- [Activity]:
Output, without any change, the listing below from its opening line up to and including the line with "Renault Megane - 8".

- - -

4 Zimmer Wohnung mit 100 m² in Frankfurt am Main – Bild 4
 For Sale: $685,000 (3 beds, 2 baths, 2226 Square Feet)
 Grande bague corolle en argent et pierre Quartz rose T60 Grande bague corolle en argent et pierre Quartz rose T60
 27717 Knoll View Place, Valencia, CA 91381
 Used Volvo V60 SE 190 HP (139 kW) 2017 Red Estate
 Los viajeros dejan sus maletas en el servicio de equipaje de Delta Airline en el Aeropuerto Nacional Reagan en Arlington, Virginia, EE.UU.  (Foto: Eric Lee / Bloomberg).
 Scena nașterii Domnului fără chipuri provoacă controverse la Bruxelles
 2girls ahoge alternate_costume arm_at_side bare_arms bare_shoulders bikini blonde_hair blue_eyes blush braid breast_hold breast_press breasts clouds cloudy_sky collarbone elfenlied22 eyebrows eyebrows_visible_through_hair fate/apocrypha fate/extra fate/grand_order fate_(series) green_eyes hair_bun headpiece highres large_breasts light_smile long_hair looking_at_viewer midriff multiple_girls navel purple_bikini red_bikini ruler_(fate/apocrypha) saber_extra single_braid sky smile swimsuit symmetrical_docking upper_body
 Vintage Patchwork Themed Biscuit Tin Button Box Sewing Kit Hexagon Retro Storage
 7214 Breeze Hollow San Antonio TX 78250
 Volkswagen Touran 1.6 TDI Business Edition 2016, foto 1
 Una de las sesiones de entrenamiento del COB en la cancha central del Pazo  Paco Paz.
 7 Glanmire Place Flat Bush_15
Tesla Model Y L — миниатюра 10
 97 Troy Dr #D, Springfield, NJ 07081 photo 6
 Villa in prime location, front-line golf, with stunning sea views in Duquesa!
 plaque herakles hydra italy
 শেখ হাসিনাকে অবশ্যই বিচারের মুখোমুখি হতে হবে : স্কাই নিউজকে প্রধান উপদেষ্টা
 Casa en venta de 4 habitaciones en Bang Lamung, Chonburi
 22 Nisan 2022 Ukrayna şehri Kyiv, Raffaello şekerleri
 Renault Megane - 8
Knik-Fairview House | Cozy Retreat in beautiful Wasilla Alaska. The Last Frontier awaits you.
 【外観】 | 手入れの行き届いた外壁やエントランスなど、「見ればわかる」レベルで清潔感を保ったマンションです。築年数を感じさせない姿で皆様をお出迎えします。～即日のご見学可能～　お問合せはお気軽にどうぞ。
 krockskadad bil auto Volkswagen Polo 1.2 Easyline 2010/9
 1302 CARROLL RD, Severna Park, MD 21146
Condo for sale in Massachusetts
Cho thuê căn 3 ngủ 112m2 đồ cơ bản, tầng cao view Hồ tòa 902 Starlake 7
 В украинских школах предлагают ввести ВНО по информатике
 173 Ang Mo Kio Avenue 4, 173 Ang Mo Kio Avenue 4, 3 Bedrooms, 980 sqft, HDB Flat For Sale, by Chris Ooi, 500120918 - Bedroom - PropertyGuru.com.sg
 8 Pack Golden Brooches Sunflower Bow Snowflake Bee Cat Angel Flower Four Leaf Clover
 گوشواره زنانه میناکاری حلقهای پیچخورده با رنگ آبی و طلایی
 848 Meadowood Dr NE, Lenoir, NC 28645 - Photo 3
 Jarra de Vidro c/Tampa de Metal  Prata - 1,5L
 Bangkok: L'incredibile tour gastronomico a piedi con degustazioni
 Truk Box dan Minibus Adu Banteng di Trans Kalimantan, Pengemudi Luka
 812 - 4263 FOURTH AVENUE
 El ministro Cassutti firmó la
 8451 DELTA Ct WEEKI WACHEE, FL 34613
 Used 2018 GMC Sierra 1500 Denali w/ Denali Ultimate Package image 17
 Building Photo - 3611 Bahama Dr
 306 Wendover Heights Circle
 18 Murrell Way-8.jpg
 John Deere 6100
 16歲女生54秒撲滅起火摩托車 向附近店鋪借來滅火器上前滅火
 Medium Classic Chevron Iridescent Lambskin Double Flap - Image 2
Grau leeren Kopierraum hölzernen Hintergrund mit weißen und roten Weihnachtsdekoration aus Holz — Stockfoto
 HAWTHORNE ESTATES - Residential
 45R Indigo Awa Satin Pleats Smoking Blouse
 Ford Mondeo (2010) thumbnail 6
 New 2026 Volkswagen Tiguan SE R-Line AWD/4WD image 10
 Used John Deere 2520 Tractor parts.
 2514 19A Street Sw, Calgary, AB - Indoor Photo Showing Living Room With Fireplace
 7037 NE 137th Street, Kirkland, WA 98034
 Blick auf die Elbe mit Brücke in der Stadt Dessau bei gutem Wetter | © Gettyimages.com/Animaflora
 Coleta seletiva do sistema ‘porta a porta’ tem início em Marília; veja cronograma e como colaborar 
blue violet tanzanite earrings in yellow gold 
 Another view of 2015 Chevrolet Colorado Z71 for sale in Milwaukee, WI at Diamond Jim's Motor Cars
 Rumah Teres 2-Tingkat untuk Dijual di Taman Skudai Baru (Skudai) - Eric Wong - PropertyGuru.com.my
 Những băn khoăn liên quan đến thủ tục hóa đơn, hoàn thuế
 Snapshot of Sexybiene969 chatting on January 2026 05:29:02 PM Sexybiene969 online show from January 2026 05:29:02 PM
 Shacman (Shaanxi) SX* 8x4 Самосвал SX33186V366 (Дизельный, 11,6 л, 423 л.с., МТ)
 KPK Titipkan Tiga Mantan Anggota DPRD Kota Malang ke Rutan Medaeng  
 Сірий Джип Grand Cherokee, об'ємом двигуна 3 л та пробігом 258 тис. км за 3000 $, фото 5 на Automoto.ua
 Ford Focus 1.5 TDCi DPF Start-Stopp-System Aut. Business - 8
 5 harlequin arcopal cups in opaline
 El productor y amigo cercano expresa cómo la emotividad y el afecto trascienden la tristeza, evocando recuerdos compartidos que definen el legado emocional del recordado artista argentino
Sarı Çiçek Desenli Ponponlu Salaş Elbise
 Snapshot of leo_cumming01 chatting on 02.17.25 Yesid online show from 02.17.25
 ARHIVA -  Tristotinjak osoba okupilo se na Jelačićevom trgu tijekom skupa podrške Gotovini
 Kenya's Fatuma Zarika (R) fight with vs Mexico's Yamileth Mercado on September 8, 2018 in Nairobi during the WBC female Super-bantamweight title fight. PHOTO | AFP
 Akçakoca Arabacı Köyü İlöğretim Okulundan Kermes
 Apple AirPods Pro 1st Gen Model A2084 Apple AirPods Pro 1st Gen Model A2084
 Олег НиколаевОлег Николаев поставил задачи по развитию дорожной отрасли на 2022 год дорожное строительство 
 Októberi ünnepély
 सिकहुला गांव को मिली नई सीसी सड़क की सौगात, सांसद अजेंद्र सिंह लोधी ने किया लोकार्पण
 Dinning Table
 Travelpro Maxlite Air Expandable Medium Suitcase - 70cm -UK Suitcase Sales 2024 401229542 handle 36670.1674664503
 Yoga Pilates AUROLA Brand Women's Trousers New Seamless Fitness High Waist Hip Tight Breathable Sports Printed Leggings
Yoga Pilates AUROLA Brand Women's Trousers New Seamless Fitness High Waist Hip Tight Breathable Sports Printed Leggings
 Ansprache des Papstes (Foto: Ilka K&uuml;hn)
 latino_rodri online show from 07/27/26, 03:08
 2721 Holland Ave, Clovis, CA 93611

- - -

- [Response]:
4 Zimmer Wohnung mit 100 m² in Frankfurt am Main – Bild 4
 For Sale: $685,000 (3 beds, 2 baths, 2226 Square Feet)
 Grande bague corolle en argent et pierre Quartz rose T60 Grande bague corolle en argent et pierre Quartz rose T60
 27717 Knoll View Place, Valencia, CA 91381
 Used Volvo V60 SE 190 HP (139 kW) 2017 Red Estate
 Los viajeros dejan sus maletas en el servicio de equipaje de Delta Airline en el Aeropuerto Nacional Reagan en Arlington, Virginia, EE.UU.  (Foto: Eric Lee / Bloomberg).
 Scena nașterii Domnului fără chipuri provoacă controverse la Bruxelles
 2girls ahoge alternate_costume arm_at_side bare_arms bare_shoulders bikini blonde_hair blue_eyes blush braid breast_hold breast_press breasts clouds cloudy_sky collarbone elfenlied22 eyebrows eyebrows_visible_through_hair fate/apocrypha fate/extra fate/grand_order fate_(series) green_eyes hair_bun headpiece highres large_breasts light_smile long_hair looking_at_viewer midriff multiple_girls navel purple_bikini red_bikini ruler_(fate/apocrypha) saber_extra single_braid sky smile swimsuit symmetrical_docking upper_body
 Vintage Patchwork Themed Biscuit Tin Button Box Sewing Kit Hexagon Retro Storage
 7214 Breeze Hollow San Antonio TX 78250
 Volkswagen Touran 1.6 TDI Business Edition 2016, foto 1
 Una de las sesiones de entrenamiento del COB en la cancha central del Pazo  Paco Paz.
 7 Glanmire Place Flat Bush_15
Tesla Model Y L — миниатюра 10
 97 Troy Dr #D, Springfield, NJ 07081 photo 6
 Villa in prime location, front-line golf, with stunning sea views in Duquesa!
 plaque herakles hydra italy
 শেখ হাসিনাকে অবশ্যই বিচারের মুখোমুখি হতে হবে : স্কাই নিউজকে প্রধান উপদেষ্টা
 Casa en venta de 4 habitaciones en Bang Lamung, Chonburi
 22 Nisan 2022 Ukrayna şehri Kyiv, Raffaello şekerleri
 Renault Megane - 8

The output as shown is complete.